You would think so, but I've seen it happen. *Shrugs*. I may just be crazy :wink: :lol:.


----------



## apachiedragon (Apr 19, 2008)

One thing I want to touch on, that hasn't been mentioned yet, is to keep your fingers closed around the reins. You seem to ride with just your fingertips and I am sure this is in an attempt to be light in her mouth, but it's actually dangerous. If she were to trip or throw her head down suddenly, you could easily jam or even break a finger on her neck if they are not closed. You could also turn your thumbs up a bit more.

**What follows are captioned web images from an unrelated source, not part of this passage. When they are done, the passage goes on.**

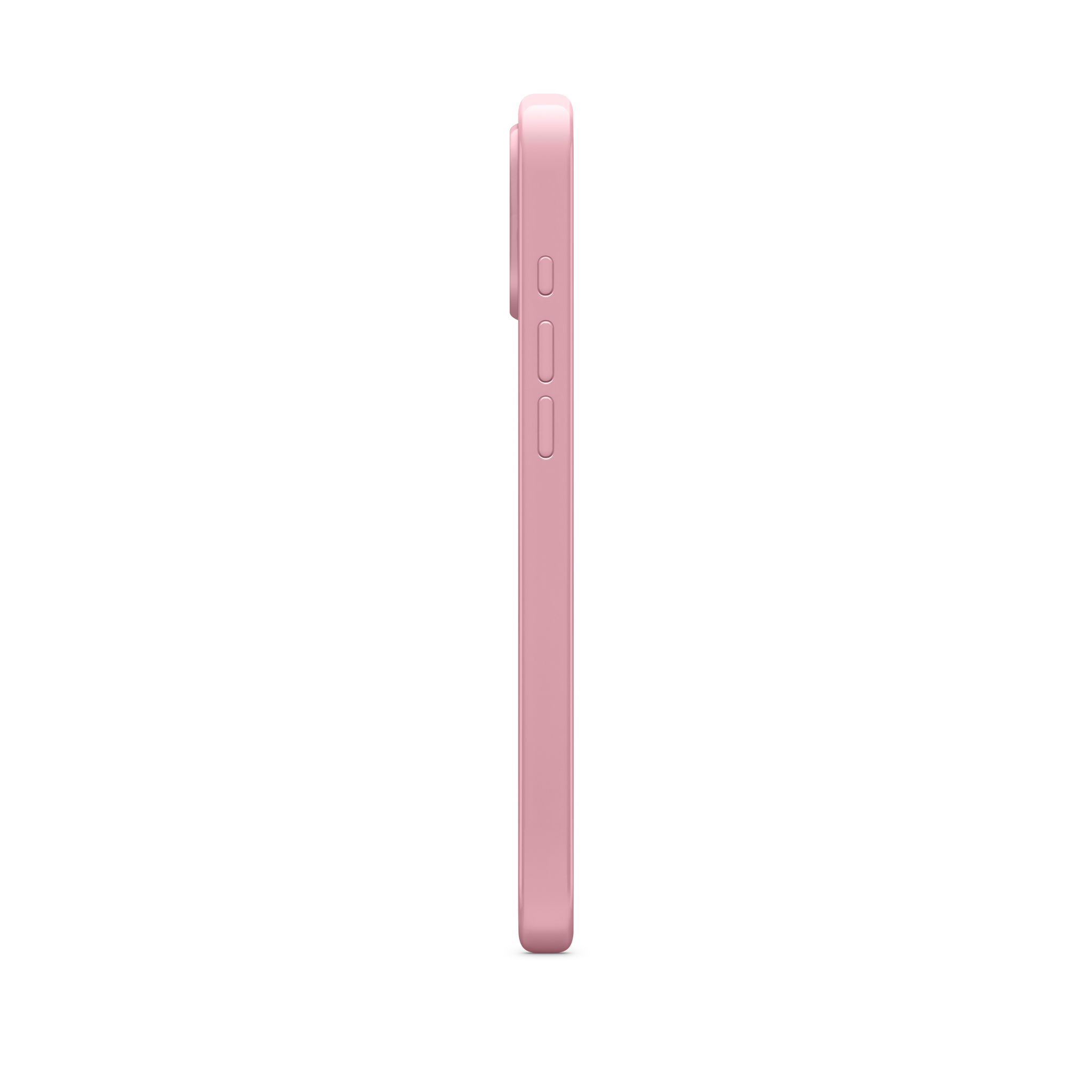 Beats iPhone 16 Plus Case with MagSafe — Special Edition — Sunrise Pink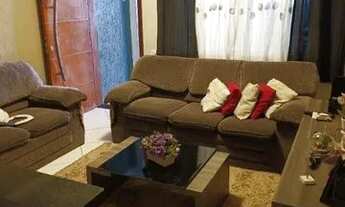 Imagem: Sobrado com 2 dormitórios à venda por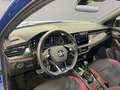 Skoda Kamiq 1.5 TSI DSG Monte Carlo / Navi LED AHK Blau - thumbnail 4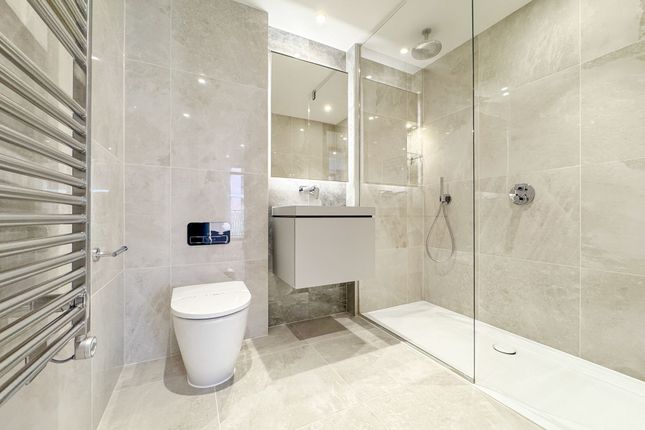 Apt 33, Alcindor Mansions, London photo 4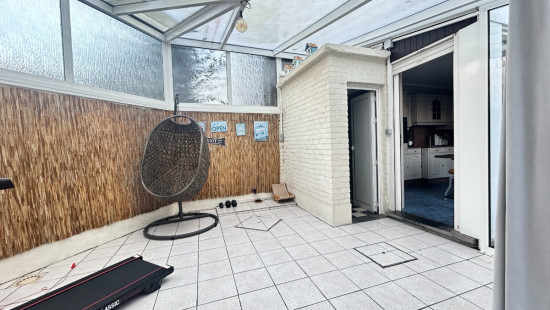 Gullegemsestraat - 71 - - 8880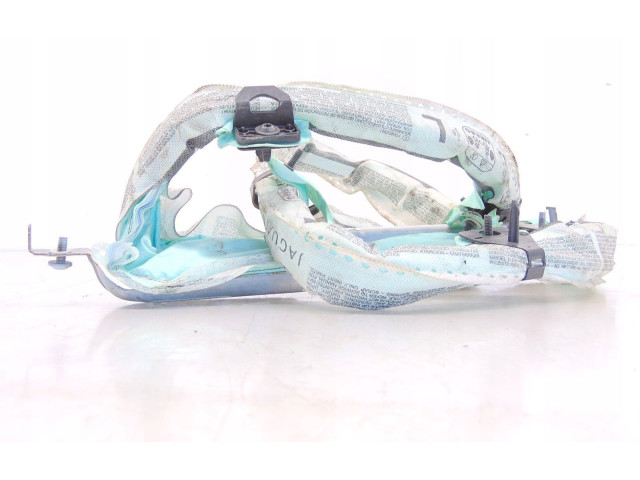 Боковая подушка безопасности    Jaguar XF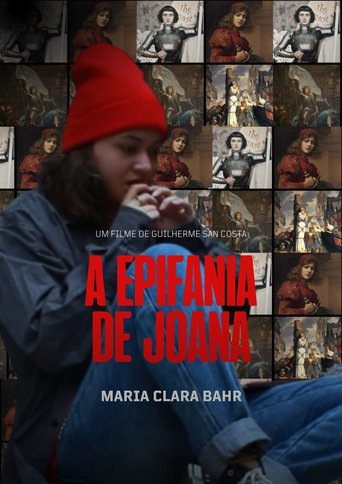 Poster of A Epifania de Joana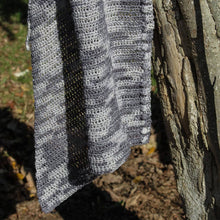 Load image into Gallery viewer, Andina Scarf Crochet Pattern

You don't quite have piano hands, but they aren't upright either. 

I do think the last saddle looks to be a better fir for you. I've always wanted to jump a Clyde. Ah well, maybe some day.


----------



## NordicJuniper (Jun 9, 2009)

apachiedragon said:


> One thing I want to touch on, that hasn't been mentioned yet, is to keep your fingers closed around the reins. You seem to ride with just your fingertips and I am sure this is in an attempt to be light in her mouth, but it's actually dangerous. If she were to trip or throw her head down suddenly, you could easily jam or even break a finger on her neck if they are not closed. You could also turn your thumbs up a bit more. You don't quite have piano hands, but they aren't upright either.
> 
> I do think the last saddle looks to be a better fir for you. I've always wanted to jump a Clyde. Ah well, maybe some day.

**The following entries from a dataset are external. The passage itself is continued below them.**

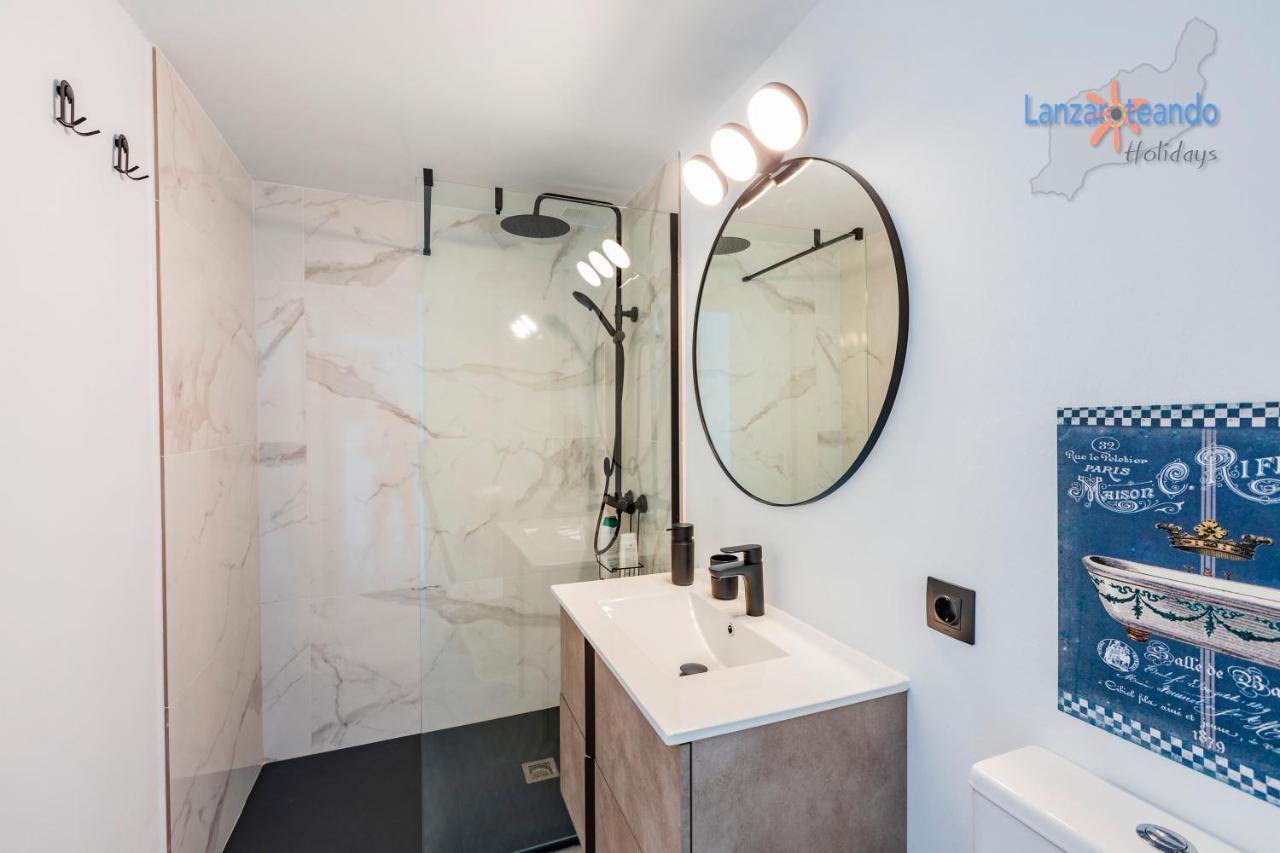 Vivienda Vacacional Casa Harmony Tias Luaran gambar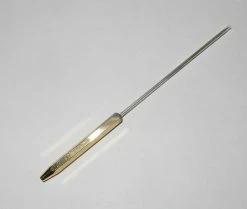 Fly -sidontaneula, Messinkikahvalla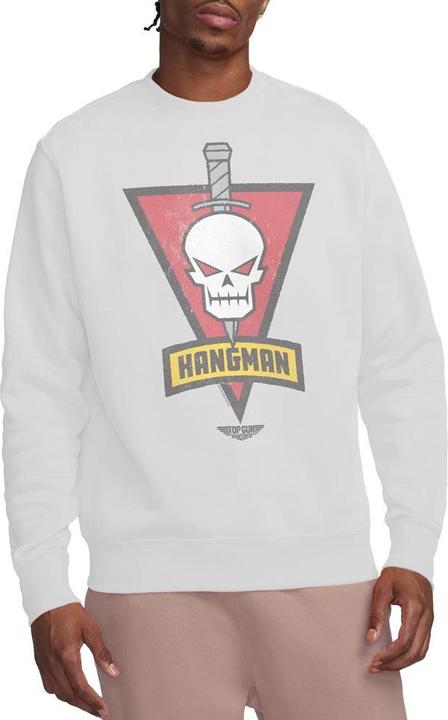Produktbild Top Gun Hangman Call Sign Sweatshirt (L)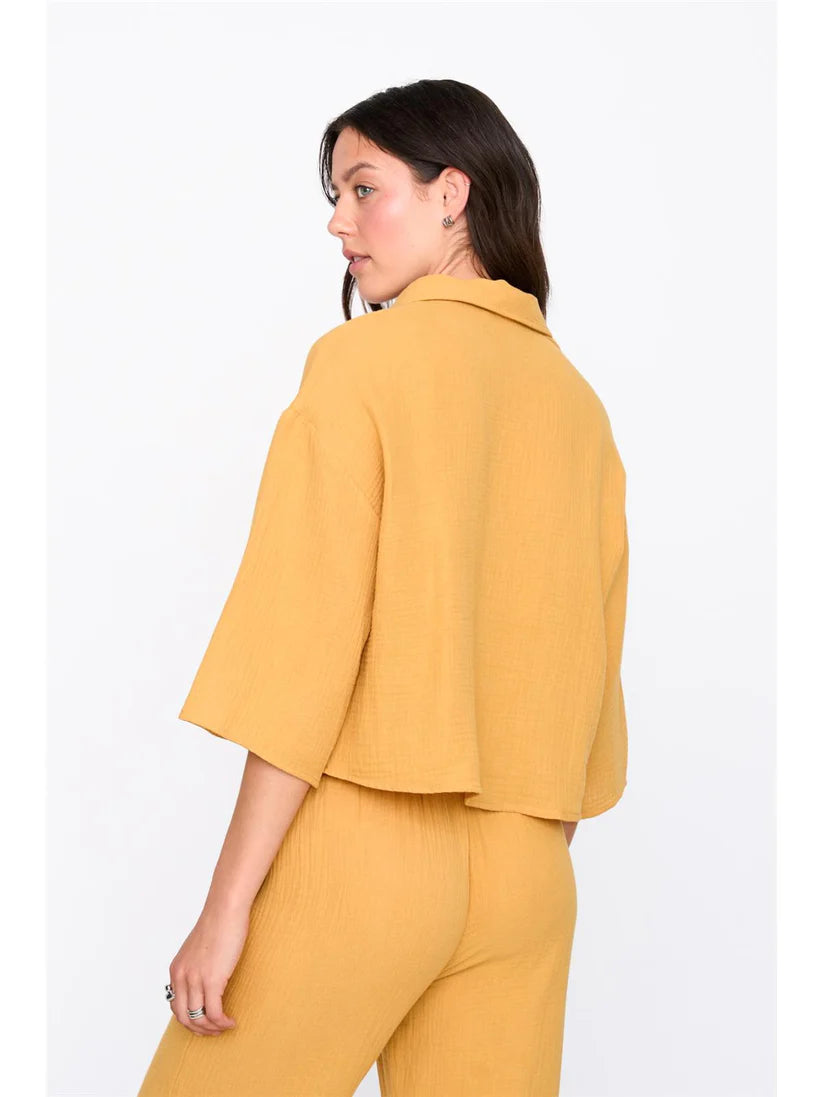 24Colours - Katoenen Blouse - 2 varianten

The funny thing is usually my outside hand is thumbs up but my inside one is more "piano" doesn't matter which direction I go, it is usually like that. Not really sure why. I have tried to keep my fingers closed but for some reason can't get them to stay closed. My index and middle finger will stay closed on the reins for the most part but my ring and pinky finger splay open even when I try to consciously focus on it. I think it might have to do with her being so heavy on the forehand, she tends to drop more weight on the reins than other horses and so I think the pull of reins causes me to loosen my fingers without noticing because it is strenuous to keep them closed. Not sure though, just a guess. I am definitely trying to work on that.


----------



## drafts4ever (Sep 1, 2009)

Hey Nordic! love the pics! Thank you for playing with her and loving on her for me! 
Got a call from the vet this morning and he said the breeding this morning went well and she gets her next one tomorrow. He must have the magic touch because he was able to get a hold of the collector for Tali on the first try where as all my planning has taken up to three weeks with the guy. I'm hoping she takes but they have my card on file just in case she doesn't so a second dose can be ordered. I miss my big girl! It was weird just seeing legacy in the pasture yesterday!

While she's preggers I'm not going to be putting her over jumps but I'm pretty sure Vicki wouldn't have an issue with you jumping Jazz! 
I'm going to talk to the vet about this when I go to pick her up but there's a few open shows in July if you want to come and ride Caleigh in them?


----------



## NordicJuniper (Jun 9, 2009)

Fingers crossed she takes on the first try also! Can't wait till she is back home though, I am gonna miss seeing the big girl too.

I know there is no jumping while she is preggers :] Hopefully if I jump Jazz some more I will get my position back and be able to ride Caleigh a little better after the baby is born if/when we start her over jumps again :]

But yeah if the vet clears her then I would love to show her at some little schooling shows over the summer :] I will request them off once we get clearance from the vet.


----------



## drafts4ever (Sep 1, 2009)

Ok awesome! She should be cleared for July but I'll double check after her 45 day check.


----------